* **Task description**: Return, exactly as written, every line from the first line of the data below through the line that contains "GG Supreme Monogram".

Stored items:
--- --- ---
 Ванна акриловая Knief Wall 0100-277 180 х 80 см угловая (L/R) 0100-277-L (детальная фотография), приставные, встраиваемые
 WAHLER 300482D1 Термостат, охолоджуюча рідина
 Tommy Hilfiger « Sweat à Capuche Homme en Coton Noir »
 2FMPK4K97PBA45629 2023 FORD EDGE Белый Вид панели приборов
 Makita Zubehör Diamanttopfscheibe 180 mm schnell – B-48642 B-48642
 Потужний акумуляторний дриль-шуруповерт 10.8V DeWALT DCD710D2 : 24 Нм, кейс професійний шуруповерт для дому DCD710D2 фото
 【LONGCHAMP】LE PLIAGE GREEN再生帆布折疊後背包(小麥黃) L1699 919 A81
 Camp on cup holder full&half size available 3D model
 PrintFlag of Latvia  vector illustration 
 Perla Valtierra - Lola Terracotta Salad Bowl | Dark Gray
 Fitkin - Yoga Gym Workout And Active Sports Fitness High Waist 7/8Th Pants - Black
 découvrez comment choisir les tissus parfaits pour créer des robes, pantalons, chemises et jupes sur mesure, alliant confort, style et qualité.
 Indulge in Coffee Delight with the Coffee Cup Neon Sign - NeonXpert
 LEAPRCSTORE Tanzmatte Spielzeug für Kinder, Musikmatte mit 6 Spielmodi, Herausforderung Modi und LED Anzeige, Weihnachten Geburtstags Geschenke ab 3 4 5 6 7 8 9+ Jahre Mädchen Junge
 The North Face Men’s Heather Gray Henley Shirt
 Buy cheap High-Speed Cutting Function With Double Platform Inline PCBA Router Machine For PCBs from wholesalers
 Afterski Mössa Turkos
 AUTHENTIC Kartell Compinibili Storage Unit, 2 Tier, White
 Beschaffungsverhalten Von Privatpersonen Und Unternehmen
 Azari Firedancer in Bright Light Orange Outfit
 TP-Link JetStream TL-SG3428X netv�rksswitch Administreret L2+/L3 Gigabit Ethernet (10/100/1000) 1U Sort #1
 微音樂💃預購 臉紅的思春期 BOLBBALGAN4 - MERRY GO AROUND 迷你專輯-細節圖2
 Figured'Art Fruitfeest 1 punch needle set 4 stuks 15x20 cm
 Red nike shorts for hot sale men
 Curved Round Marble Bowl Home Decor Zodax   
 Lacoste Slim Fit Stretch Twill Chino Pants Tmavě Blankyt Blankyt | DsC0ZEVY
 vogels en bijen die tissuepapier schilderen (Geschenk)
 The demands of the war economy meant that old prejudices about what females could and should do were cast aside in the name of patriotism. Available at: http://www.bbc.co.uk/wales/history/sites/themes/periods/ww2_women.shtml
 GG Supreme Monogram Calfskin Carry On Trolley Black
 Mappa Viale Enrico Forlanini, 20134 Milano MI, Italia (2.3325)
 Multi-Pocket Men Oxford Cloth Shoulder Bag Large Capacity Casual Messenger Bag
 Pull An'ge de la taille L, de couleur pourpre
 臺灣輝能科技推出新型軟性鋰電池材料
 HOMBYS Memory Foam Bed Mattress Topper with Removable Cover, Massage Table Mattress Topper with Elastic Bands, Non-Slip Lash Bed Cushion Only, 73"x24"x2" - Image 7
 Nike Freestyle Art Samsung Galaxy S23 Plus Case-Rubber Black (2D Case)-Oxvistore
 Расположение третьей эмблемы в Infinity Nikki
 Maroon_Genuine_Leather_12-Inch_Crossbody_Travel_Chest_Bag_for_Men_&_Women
--- --- ---
* **Response area**:
 Ванна акриловая Knief Wall 0100-277 180 х 80 см угловая (L/R) 0100-277-L (детальная фотография), приставные, встраиваемые
 WAHLER 300482D1 Термостат, охолоджуюча рідина
 Tommy Hilfiger « Sweat à Capuche Homme en Coton Noir »
 2FMPK4K97PBA45629 2023 FORD EDGE Белый Вид панели приборов
 Makita Zubehör Diamanttopfscheibe 180 mm schnell – B-48642 B-48642
 Потужний акумуляторний дриль-шуруповерт 10.8V DeWALT DCD710D2 : 24 Нм, кейс професійний шуруповерт для дому DCD710D2 фото
 【LONGCHAMP】LE PLIAGE GREEN再生帆布折疊後背包(小麥黃) L1699 919 A81
 Camp on cup holder full&half size available 3D model
 PrintFlag of Latvia  vector illustration 
 Perla Valtierra - Lola Terracotta Salad Bowl | Dark Gray
 Fitkin - Yoga Gym Workout And Active Sports Fitness High Waist 7/8Th Pants - Black
 découvrez comment choisir les tissus parfaits pour créer des robes, pantalons, chemises et jupes sur mesure, alliant confort, style et qualité.
 Indulge in Coffee Delight with the Coffee Cup Neon Sign - NeonXpert
 LEAPRCSTORE Tanzmatte Spielzeug für Kinder, Musikmatte mit 6 Spielmodi, Herausforderung Modi und LED Anzeige, Weihnachten Geburtstags Geschenke ab 3 4 5 6 7 8 9+ Jahre Mädchen Junge
 The North Face Men’s Heather Gray Henley Shirt
 Buy cheap High-Speed Cutting Function With Double Platform Inline PCBA Router Machine For PCBs from wholesalers
 Afterski Mössa Turkos
 AUTHENTIC Kartell Compinibili Storage Unit, 2 Tier, White
 Beschaffungsverhalten Von Privatpersonen Und Unternehmen
 Azari Firedancer in Bright Light Orange Outfit
 TP-Link JetStream TL-SG3428X netv�rksswitch Administreret L2+/L3 Gigabit Ethernet (10/100/1000) 1U Sort #1
 微音樂💃預購 臉紅的思春期 BOLBBALGAN4 - MERRY GO AROUND 迷你專輯-細節圖2
 Figured'Art Fruitfeest 1 punch needle set 4 stuks 15x20 cm
 Red nike shorts for hot sale men
 Curved Round Marble Bowl Home Decor Zodax   
 Lacoste Slim Fit Stretch Twill Chino Pants Tmavě Blankyt Blankyt | DsC0ZEVY
 vogels en bijen die tissuepapier schilderen (Geschenk)
 The demands of the war economy meant that old prejudices about what females could and should do were cast aside in the name of patriotism. Available at: http://www.bbc.co.uk/wales/history/sites/themes/periods/ww2_women.shtml
 GG Supreme Monogram Calfskin Carry On Trolley Black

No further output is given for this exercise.